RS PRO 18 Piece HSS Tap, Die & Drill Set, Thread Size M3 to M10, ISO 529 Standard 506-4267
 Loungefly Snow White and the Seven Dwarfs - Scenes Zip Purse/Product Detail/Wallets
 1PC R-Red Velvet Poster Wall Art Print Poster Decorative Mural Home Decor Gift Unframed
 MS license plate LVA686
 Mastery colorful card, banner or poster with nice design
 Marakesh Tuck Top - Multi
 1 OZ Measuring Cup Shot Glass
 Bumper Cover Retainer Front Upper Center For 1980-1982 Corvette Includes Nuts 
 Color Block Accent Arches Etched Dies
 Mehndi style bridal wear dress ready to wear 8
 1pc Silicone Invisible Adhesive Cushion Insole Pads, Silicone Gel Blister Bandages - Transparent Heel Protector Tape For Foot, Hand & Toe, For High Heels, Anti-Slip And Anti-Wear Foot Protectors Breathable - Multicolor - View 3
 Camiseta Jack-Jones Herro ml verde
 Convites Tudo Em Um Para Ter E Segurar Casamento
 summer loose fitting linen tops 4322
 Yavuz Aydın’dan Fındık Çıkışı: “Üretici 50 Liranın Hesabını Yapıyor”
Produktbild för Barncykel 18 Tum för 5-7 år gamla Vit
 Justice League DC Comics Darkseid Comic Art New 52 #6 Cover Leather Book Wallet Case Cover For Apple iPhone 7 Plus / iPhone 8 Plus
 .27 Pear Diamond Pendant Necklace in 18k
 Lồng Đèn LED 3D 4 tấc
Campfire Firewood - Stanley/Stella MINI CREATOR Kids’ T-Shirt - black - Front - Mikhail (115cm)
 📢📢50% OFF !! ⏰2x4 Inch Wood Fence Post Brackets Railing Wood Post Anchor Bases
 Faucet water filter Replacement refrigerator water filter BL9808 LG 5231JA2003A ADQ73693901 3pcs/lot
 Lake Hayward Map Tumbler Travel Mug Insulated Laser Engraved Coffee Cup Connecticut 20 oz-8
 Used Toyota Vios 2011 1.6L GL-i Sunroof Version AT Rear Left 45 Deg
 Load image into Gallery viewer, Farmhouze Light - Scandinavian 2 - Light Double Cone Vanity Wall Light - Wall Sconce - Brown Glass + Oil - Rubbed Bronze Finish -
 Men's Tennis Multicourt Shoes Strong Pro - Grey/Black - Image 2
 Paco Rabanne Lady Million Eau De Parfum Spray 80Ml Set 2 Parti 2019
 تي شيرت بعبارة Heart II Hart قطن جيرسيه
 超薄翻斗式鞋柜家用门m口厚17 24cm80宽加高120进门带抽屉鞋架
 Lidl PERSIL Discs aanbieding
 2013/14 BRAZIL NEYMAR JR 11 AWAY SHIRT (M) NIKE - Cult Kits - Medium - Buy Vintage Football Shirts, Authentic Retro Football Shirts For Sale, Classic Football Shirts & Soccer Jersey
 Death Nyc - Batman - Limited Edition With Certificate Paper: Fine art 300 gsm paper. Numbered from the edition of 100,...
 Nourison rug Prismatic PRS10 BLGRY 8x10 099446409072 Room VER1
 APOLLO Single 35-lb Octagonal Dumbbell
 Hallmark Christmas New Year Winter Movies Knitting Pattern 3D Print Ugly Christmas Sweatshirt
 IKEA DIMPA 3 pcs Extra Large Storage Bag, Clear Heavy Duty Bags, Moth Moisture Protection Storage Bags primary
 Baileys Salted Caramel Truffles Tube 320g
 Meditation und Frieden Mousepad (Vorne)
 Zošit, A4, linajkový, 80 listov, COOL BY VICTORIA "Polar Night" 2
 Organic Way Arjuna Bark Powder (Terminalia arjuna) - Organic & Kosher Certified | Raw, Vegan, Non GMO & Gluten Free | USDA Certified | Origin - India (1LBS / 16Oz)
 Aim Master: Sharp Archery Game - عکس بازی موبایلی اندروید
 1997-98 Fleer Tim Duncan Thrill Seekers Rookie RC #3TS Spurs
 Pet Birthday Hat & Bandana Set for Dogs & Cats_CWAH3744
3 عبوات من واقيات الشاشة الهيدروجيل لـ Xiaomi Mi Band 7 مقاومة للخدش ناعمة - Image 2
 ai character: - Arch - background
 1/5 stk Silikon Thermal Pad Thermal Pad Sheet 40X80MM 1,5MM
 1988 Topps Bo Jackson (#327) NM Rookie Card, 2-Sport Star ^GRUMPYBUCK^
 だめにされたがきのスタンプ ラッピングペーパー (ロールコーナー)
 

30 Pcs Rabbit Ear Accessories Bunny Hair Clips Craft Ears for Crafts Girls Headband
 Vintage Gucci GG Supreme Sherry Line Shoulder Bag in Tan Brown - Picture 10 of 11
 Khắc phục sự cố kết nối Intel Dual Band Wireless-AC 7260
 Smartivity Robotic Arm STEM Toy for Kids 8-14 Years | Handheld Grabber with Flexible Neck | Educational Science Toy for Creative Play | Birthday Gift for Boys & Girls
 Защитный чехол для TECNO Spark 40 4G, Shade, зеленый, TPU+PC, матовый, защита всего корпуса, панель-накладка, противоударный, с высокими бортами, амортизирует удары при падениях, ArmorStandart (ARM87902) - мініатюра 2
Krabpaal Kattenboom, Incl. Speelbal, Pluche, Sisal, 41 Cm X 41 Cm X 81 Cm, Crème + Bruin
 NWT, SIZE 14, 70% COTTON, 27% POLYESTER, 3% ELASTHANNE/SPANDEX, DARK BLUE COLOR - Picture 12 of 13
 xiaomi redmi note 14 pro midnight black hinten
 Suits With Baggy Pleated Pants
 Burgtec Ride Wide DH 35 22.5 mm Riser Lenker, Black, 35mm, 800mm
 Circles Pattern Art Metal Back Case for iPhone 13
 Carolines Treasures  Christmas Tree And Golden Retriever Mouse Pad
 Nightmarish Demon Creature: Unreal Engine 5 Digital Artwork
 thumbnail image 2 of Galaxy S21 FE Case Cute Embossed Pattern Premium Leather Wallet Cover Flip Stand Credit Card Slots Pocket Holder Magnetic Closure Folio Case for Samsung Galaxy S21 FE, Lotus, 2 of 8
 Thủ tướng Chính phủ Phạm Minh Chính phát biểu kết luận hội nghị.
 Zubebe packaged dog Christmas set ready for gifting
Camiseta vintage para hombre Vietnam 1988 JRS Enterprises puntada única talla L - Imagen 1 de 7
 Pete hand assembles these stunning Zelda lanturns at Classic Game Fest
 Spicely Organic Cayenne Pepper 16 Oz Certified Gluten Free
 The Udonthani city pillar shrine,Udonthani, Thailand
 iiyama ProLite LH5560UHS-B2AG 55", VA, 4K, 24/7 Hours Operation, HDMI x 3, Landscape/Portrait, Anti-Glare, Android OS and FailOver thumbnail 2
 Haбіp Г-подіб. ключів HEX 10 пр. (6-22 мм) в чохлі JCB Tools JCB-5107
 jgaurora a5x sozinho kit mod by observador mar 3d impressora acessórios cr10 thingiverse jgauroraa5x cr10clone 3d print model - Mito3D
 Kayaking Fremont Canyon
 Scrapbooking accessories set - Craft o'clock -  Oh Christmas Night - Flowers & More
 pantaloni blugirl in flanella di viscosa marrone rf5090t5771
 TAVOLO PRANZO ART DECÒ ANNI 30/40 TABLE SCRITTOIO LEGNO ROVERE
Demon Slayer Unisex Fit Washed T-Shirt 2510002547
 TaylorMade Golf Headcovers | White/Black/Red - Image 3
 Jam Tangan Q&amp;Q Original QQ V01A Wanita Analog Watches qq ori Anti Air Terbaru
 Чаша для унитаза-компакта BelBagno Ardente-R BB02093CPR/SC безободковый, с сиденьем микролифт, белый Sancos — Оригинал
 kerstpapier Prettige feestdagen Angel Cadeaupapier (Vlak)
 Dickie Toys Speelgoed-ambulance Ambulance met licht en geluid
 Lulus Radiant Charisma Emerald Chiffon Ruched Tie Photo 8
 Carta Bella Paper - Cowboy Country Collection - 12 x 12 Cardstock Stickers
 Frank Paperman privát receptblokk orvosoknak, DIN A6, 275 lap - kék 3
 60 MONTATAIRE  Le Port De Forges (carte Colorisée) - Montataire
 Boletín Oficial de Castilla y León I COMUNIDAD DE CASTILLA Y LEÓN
--*--
Your answer should consist of every line from the entries that holds "Certified".

#### [YOUR SOLUTION]
 Organic Way Arjuna Bark Powder (Terminalia arjuna) - Organic & Kosher Certified | Raw, Vegan, Non GMO & Gluten Free | USDA Certified | Origin - India (1LBS / 16Oz)
 Spicely Organic Cayenne Pepper 16 Oz Certified Gluten Free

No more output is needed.